It just so happened that HUECU had undergone a field of membership expansion last spring to include Harvard students and alumni. Prior to the expansion, the 65-year-old CU with $200-million in assets had been serving staff and faculty at Harvard and its affiliated organizations.
"We have been very visible to the students for a long time, but we didn't feel we had the size or the mass (to open our FOM) until recently," Foley said.
Frustrated With Banks
He said the continuing consolidation within the banking industry has left many frustrated. The most recent in Cambridge was the purchase of long-time regional giant Fleet Bank by Bank of America, he noted, an acquisition that has been the subject of extensive press coverage in the region.
While one student officer expressed dissatisfaction about not being involved in the decision-making process and the lack of competition this new policy creates, he said they understood the reason for making the move.
"(The new system) is a huge benefit for building increased accountability," said Undergraduate Council Vice President Michael R. Blickstead in an Aug. 20 article in the student newspaper, The Harvard Crimson. "It avoids incidents like Hasty Pudding from happening again and that's good from the University's and our perspective."
Hasty Pudding refers to a scandal in 2001 during which two students apparently embezzled thousands of dollars from the Hasty Pudding Theatricals student organization.
Administrators said the move was made in response to demand by student group leaders last year for "cheaper and more fluid banking solutions," the article stated.
While this new arrangement will allow college officials to have closer contact with the organizations' funds through annual summaries of each account, officials said they have no plans to monitor the accounts individually.
Foley said several organization leaders said they were happy to have the CU as an alterative after being frustrated that banks were charging significant fees-as much as $12 a month to maintain an account-because they did not have their own non-profit tax IDs.

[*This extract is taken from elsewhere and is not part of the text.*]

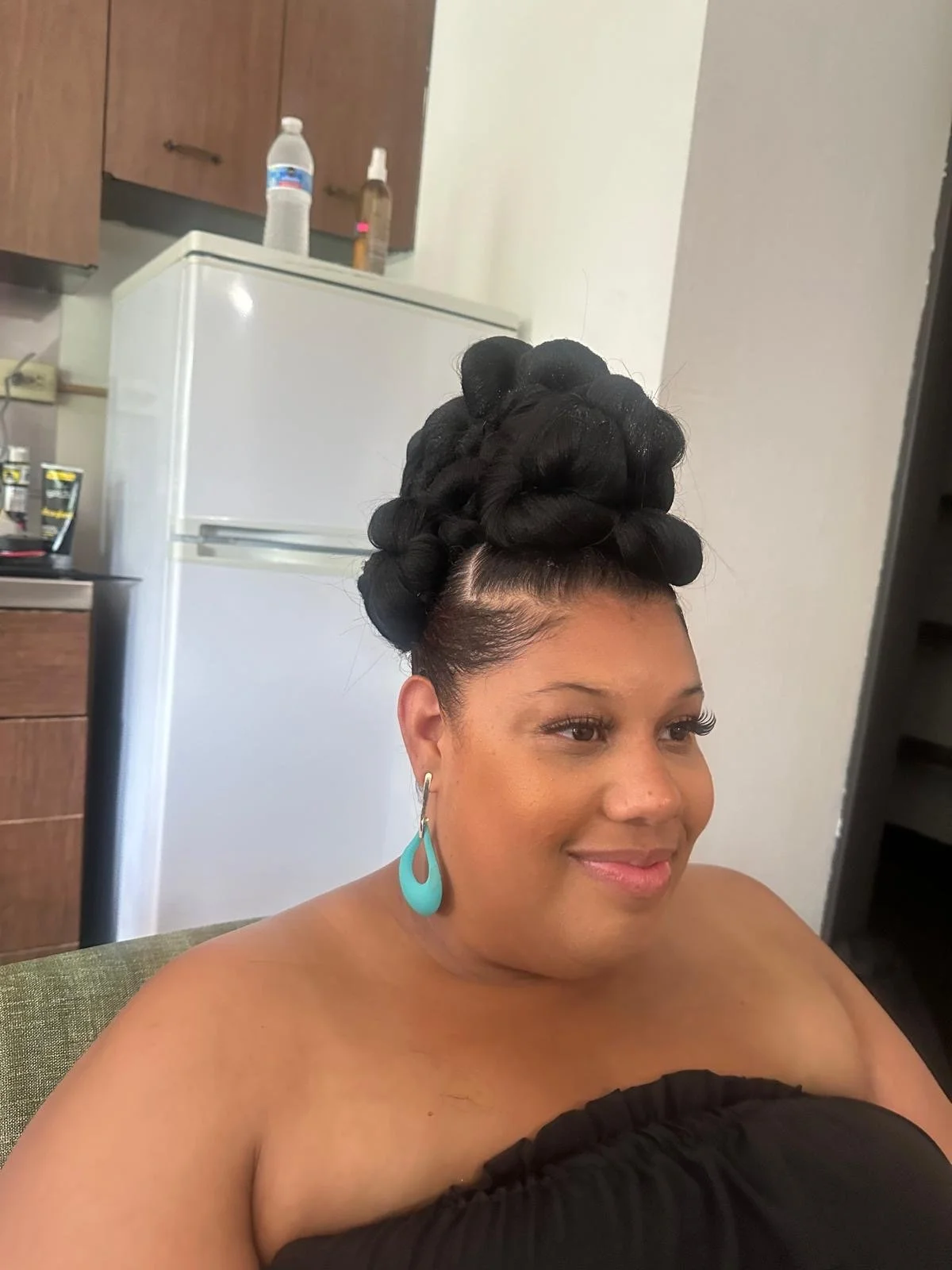 A woman with an elaborate black hairstyling with large rolled buns, wearing turquoise earrings, smiling softly while sitting on a green chair in a kitchen.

HUECU has already begun helping many of the student organization make the transition, Foley said. The CU is offering transition kits to make the process go smoother and has designated a staff member as the permanent liaison between the CU and the student run groups.
The new policy does not pertain to unofficial groups such as fraternities and sororities. In addition, student groups that are incorporated and have acquired non-profit status will be encouraged but not forced to conduct their financial business with HUECU.